▶ **What is needed**
Word for word, copy the lines from the one with "Stormtech Women's Altitude Padded Jacket" to the last line of the data below, counting both, and keep every picture out.

▶ **Data segment**
═══
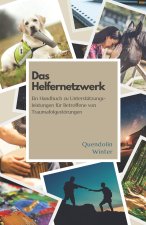 Das Helfernetzwerk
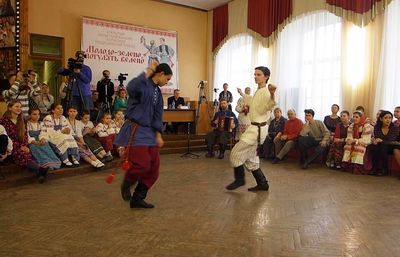 ����� ���������� �������� ��������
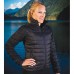 Stormtech Women's Altitude Padded Jacket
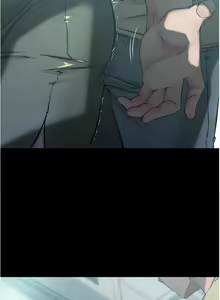 Page 740 of 小裤裤笔记 小褲褲筆記 panty note 36-80 - preview thumbnail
═══
▶ **Response to the task**
 Stormtech Women's Altitude Padded Jacket
 Page 740 of 小裤裤笔记 小褲褲筆記 panty note 36-80 - preview thumbnail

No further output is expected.